Is it possible to store fighters within a launch tube, or are hangars needed too?
Reynard said:Remember one thing about a launch tube, it is primarily a REALLY big gun and the ammo isn't stored in the barrel. You load the barrel with a fighter and launch. The other end of the barrel is recovery. This barrel needs to be clear for those two functions. At launch and recovery, the tube will also be in a vacuum. That's also bad for storage. The hangar/launch system will be placing craft in and out in a smooth probably automated system for maximum flow.
Reynard said:One way to allow fighters to be part of the launch tube is have each fighter in it's own tube. This could be a great pirate operation in which fighters are shotgunned into combat then recovered with a port for the pilot to get in and out but there are no facilities for repairs or maintenance which will be done back at base.
Why can't launch tubes be airlocks? Lets say each launch tube as a door at the end to space and another door that opens up to the interior of the carrier ship. The pilot walks into the launch tune while its pressurized and climbs into the cockpit of the space fighter, he closes the canopy and seals it, the door to the launch tube is closed, the air in the launch tube is evacuted and the outer door opens, and the fighter is launched out of the tube.Reynard said:Problem with docking clamps is there's no means to transfer between vessels unless you include a docking tube and airlock for each clamp arrangement.
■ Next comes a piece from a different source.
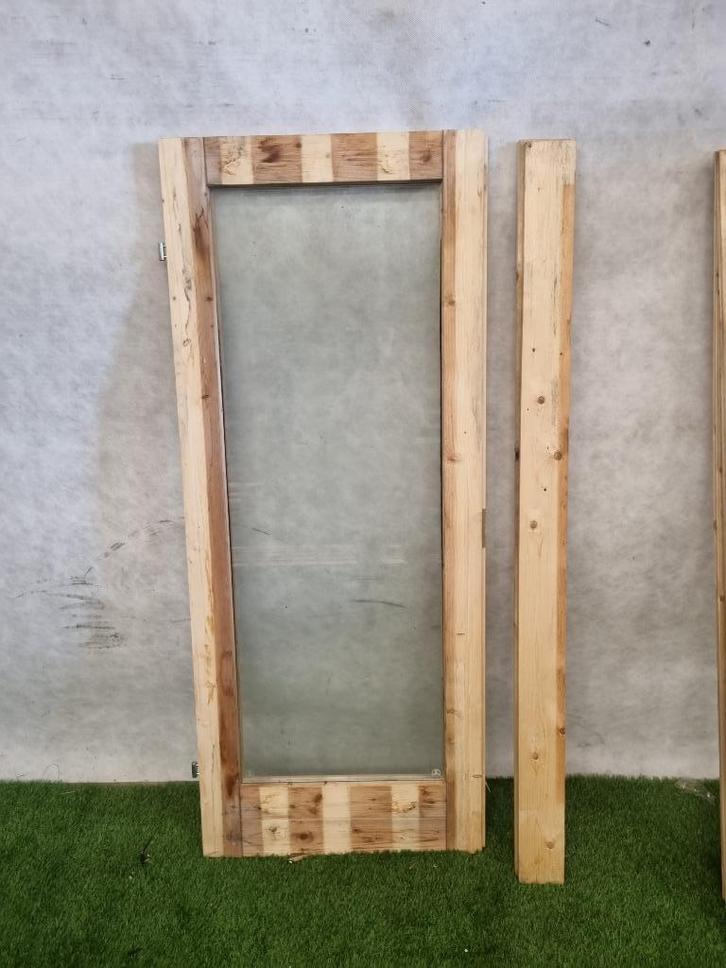 Enkele houten deur dubbel glas, linksdraaiend (183,5 x 76 cm, Doe-het-zelf en Verbouw, Deuren en Horren, Gebruikt, Minder dan 200 cm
Expensive. That means fighter pilots live in their fighter for the duration of a mission. Don't think that works well. There's no maneuver or jump issue if these attached vessels are included in the design but that's seems wasteful for tonnage with little return. Seems best for battle tenders.
seriously, if you're looking for a lot of fighters to launch en masse you need launch tubes and then you have to decide if those fighters are meant to be maintained, repaired and rearmed onboard the vessel or returned to base for such service. That decides if you have hangar space or fighter storage space which allows a pilot to enter or exit and not much more. For planetary forces, I could see Light Patrol Carriers using fighter storage to save space and cost as they would have a service facility nearby during port call at the end of a patrol cycle.
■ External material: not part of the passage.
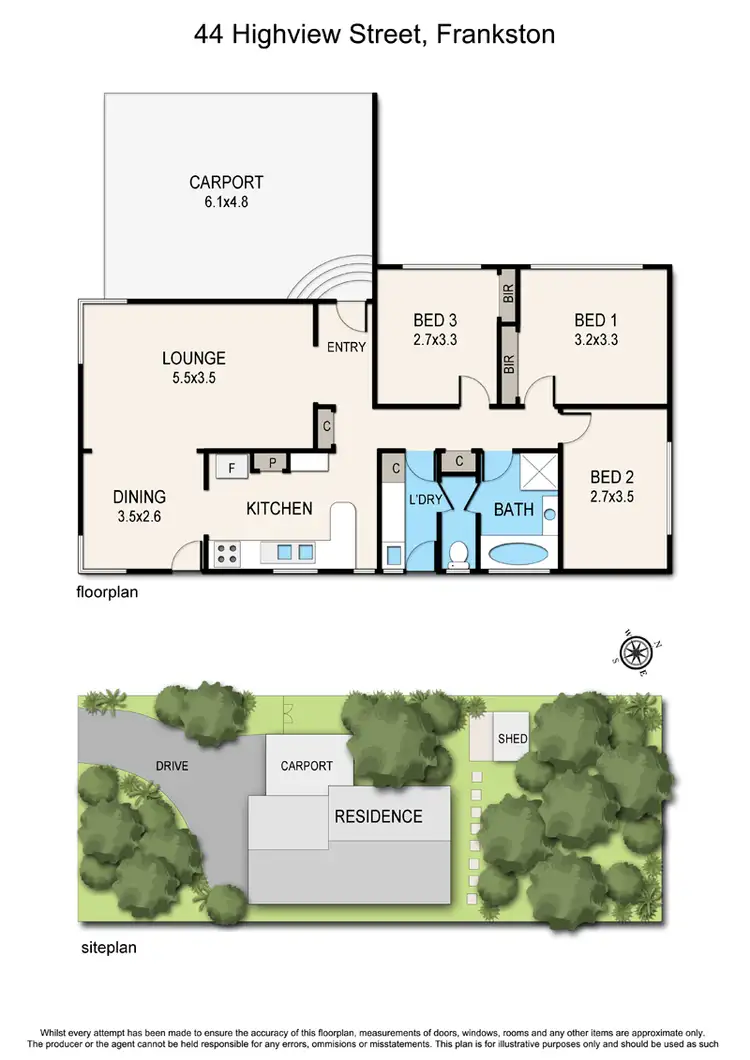 Floorplan of Homely house listing, 44 Highview Road, Frankston VIC 3199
I guess your not talking about the 2003 Battlestar Galactica, because I never recall seeing a single force field in it. The original Battlestar Galactica was almost as bad as Space 1999.Reynard said:A modern carrier launch system is more a slingshot than a gun.
It takes 30 minutes to launch or recover ONE craft using a bay or hangar facility. A launch tube is able to launch/recover up to 10 craft in six minutes! That's a lot of mechanical operations. Battlestar was launching very few compared to the capacity of a Traveller ship with launch tubes plus they had force field 'curtains' at both ends of the launch decks so they could have exciting interactions there. From what I remember from deck plans, the BS fighters had to be towed from storage into the launch chamber with the pilot getting in when the script said it was most dramatic then was catapulted through the mentioned force field. I guess someone could have force fields like that in their Traveller game plus expansive naval carrier style decks but the game mechanics are geared toward a 'reality' a bit different. Tubes are for rapid launch/recover while hangars and bays are for storage and possibly slow launch/ recovery.
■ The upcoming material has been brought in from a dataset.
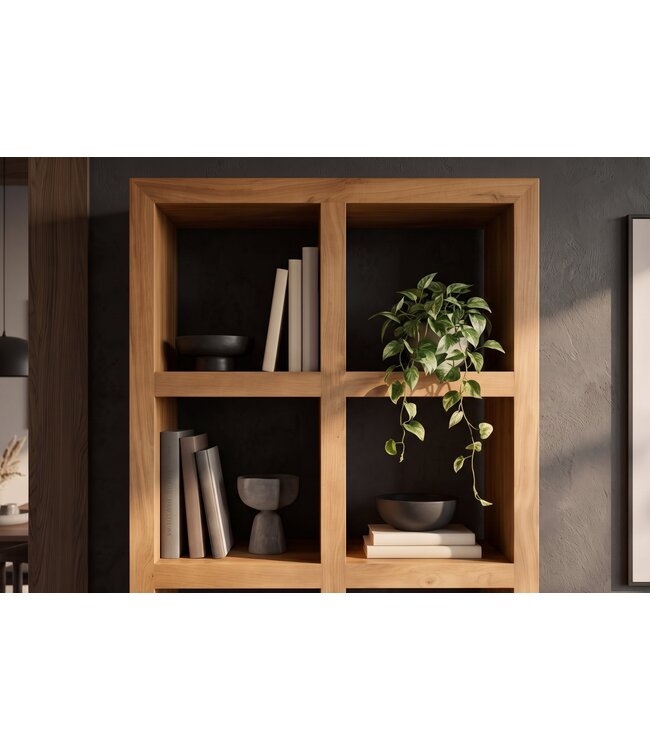 Invicta Interior Wandkast MAKASSAR 180cm 8 open vakken mangohout bruin honing afwerking - 49534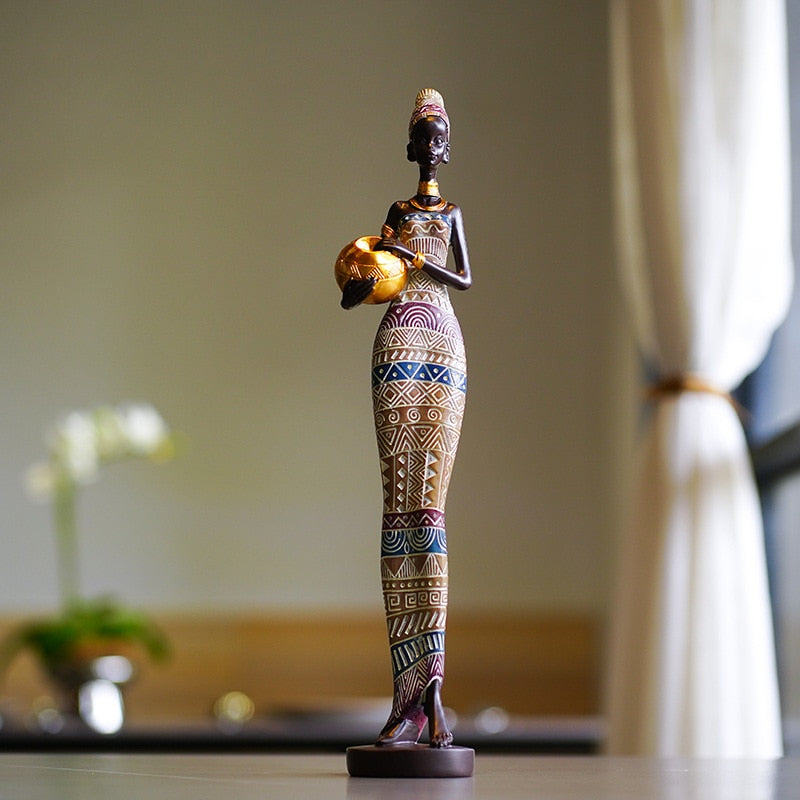 Retro afrikansk håndværk Eksotiske sorte kvinder karakter skulptur ornament hjemmeindgang stue blød dekoration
Tom Kalbfus said:I guess your not talking about the 2003 Battlestar Galactica, because I never recall seeing a single force field in it. The original Battlestar Galactica was almost as bad as Space 1999.
Reynard said:It takes 30 minutes to launch or recover ONE craft using a bay or hangar facility.
locarno24 said:I've never been able to see that - and I thought I'd looked for it before. Where is that reference in the books, please?
High Guard Page 46 said:Launch tubes: Launching and recovering small craft from a larger vessel is usually an activity taking 30 minutes to launch or recovery one craft.
Reynard said:Launch tubes are big to start with, 25x the size of the craft intended to use it, and they are meant to feed and launch very rapidly. Evacuating and depressurizing those tubes would probably be time consuming. I did notice the two tubes on the Antiama class fleet cruiser are nowhere near 25x the fighter size. I have a feeling 'what we say and what we do' is at work.
I checked the Azhanti High Lightning class frontier cruiser both in Mongoose Fighting Ships and the 1980 boxed set for a reference especially that deck slice view. The color deck plans are excellent as they show the fighter deck components. The fighters are on a 'race-track' system that is evacuated while the rest of the two hangar decks are pressurized. The fighters are loaded and fired like an automatic weapon, upper deck uses port and lower uses starboard. They are both recovered by a single underbelly dock and reloaded into the track for storage and also the old Supplement 5: Lightning Class Cruiser states that fighters use the aft end of the launch tubes at the boat deck for recovery then are transferred to their hanger area via the race-track. Just like a naval aircraft carrier, the fighter lines up with the aft of the ship and either remotely or manually flies in. The guidance technology should have no problem.
AndrewW said:locarno24 said:I've never been able to see that - and I thought I'd looked for it before. Where is that reference in the books, please?
High Guard Page 46 said:Launch tubes: Launching and recovering small craft from a larger vessel is usually an activity taking 30 minutes to launch or recovery one craft.